Question

Simplify
\[\frac{a^3-b^-3}{b-a}*frac{6}{2a^+2ab+b^2}\]

Answer 1

please re write the problem

Answer 2

\[\frac{a^3-b^3}{b-a}*\frac{6}{2a^2+2ab+b^2}\]
I got 3

Answer 3

k wait

Answer 4

Ugh, sorry correct \[\frac{a^3-b^3}{b-a}*\frac{6}{2a^2+2ab+2b^2}\]

Answer 5

the correct answer is -3

Answer 6

hold up

Answer 7

has to be a minus in the right side, since when you multiply out the right side you need things to cancel so there must be OPPOSITE signs in the first factor (a+b) and the second factor (a^2-ab+b^2) to make that cancellation happen.

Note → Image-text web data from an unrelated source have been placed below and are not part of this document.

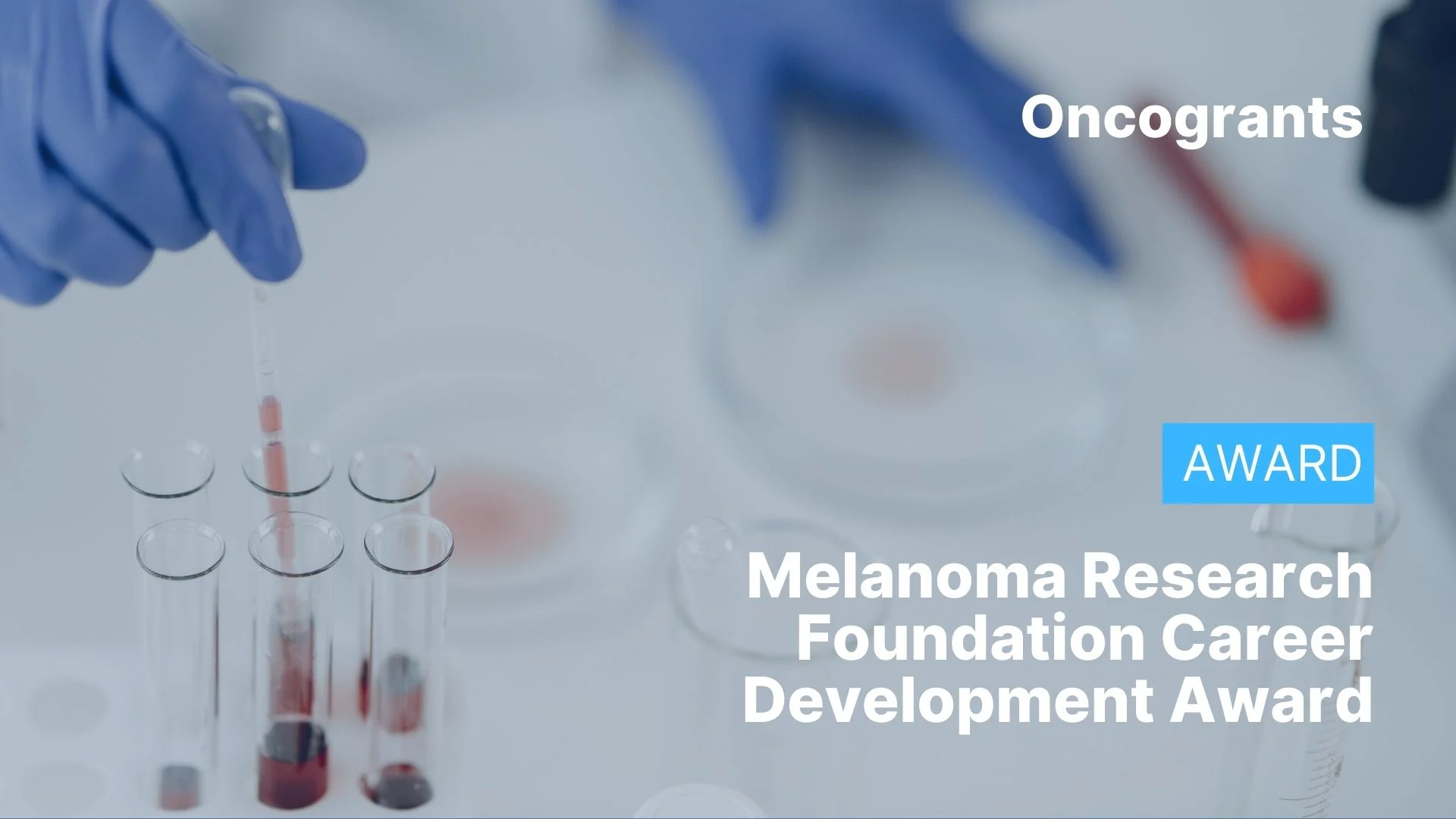 Melanoma Research Foundation Career Development Award (CDA) 2026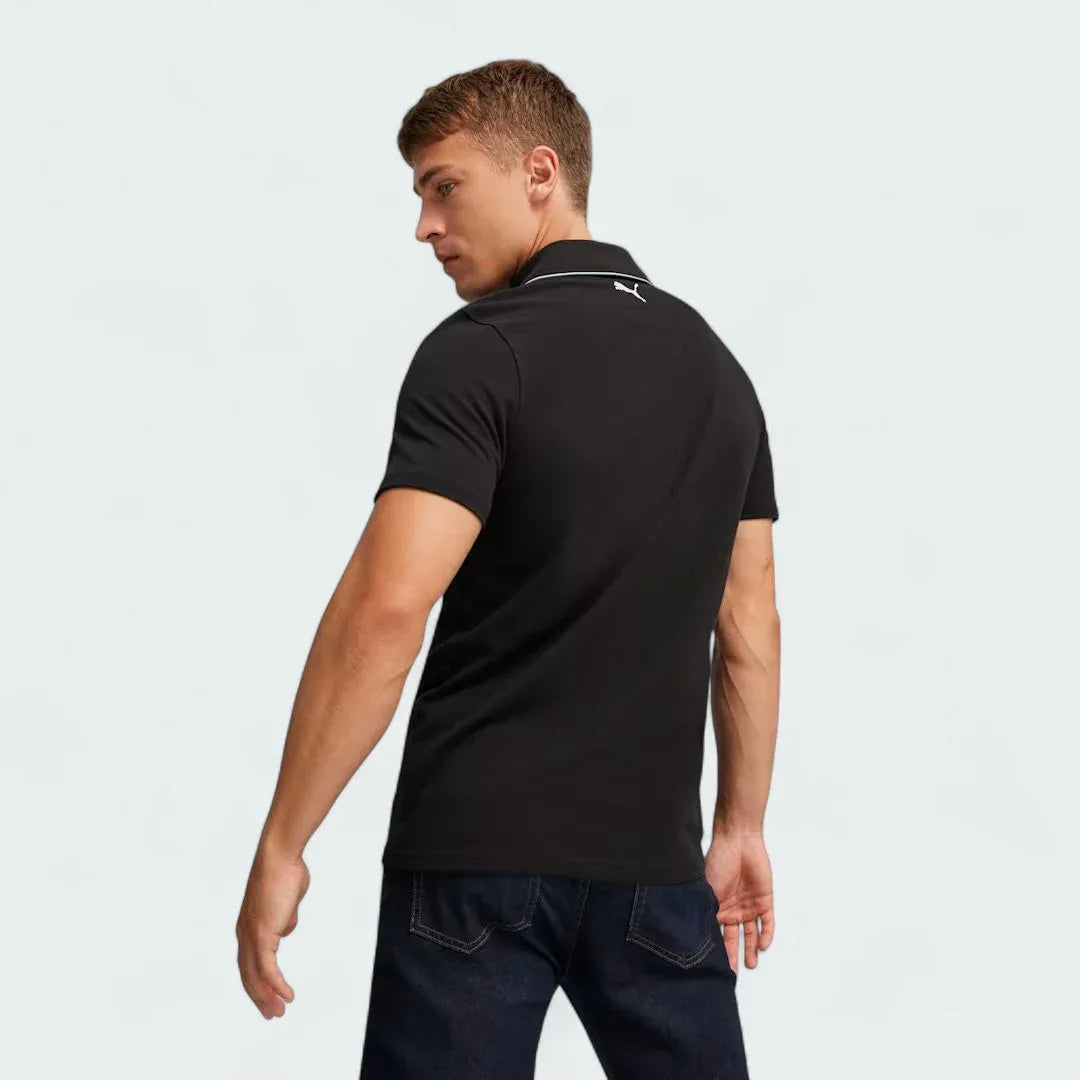 Puma X Ferrari Race Casual Polo Shirt Black 623801-01 Secondary image
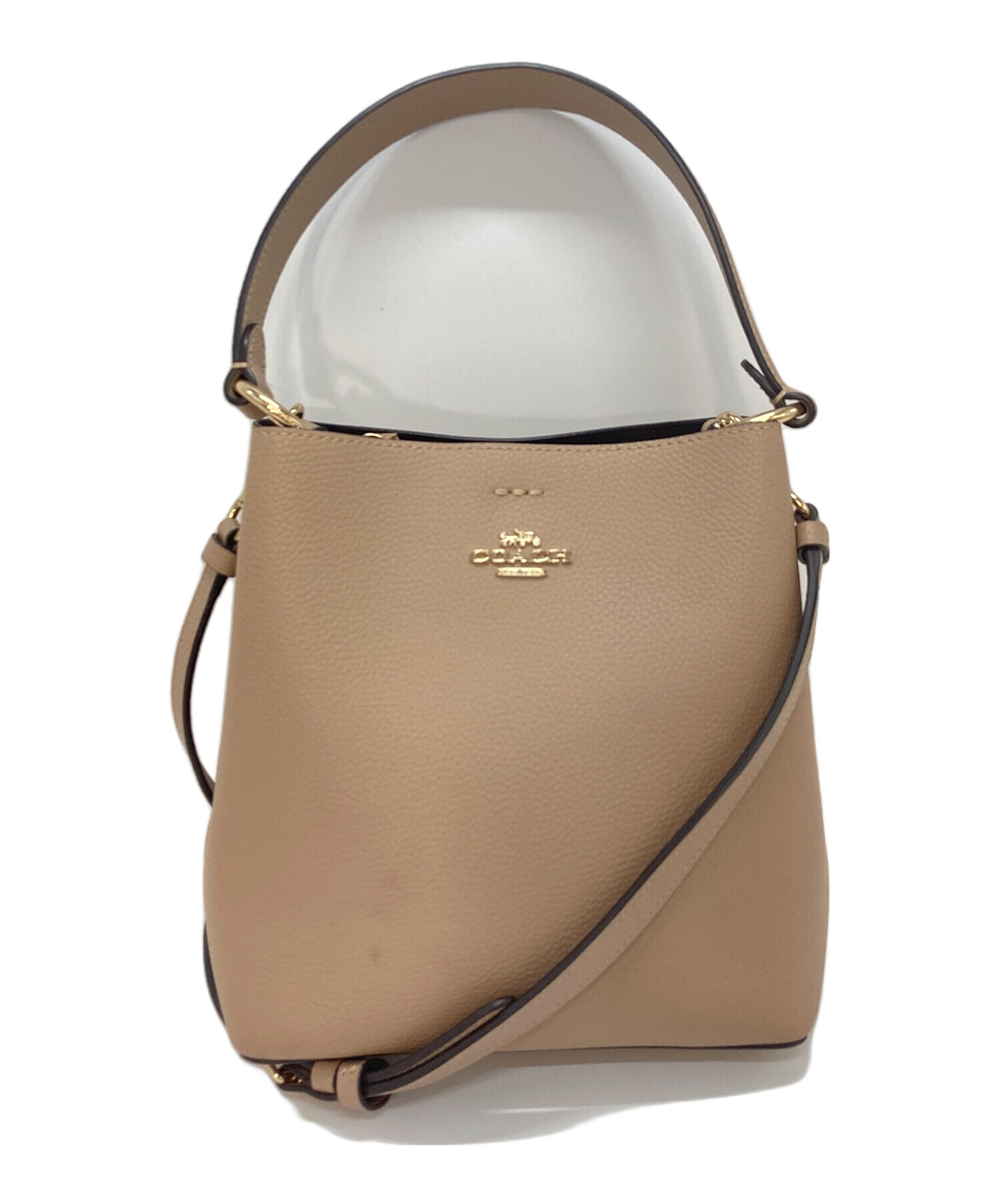COACH コーチ スモール タウンバケット 2way ショルダー ハンドバッグ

Similarly, in a^3-b^3=(a-b)(a^2+ab+b^2), you have to have OPPOSITE signs in the two factors on the right side or there will be no cancellation. witch =3

Answer 8

u have to use integration here

Answer 9

yes yes

Answer 10

ok @truck I don't understand what you're saying... and @mathslover ingeration? This is for algebra I

Answer 11

\[\frac{a^3-b^3}{b-a}*\frac{6}{2a^2+2ab+2b^2}\]\[=\frac{(a-b)(a^2 + ab+b^2)}{b-a}*\frac{6}{2(a^2+ab+b^2)}\]\[=-1*3\]\[=-3\]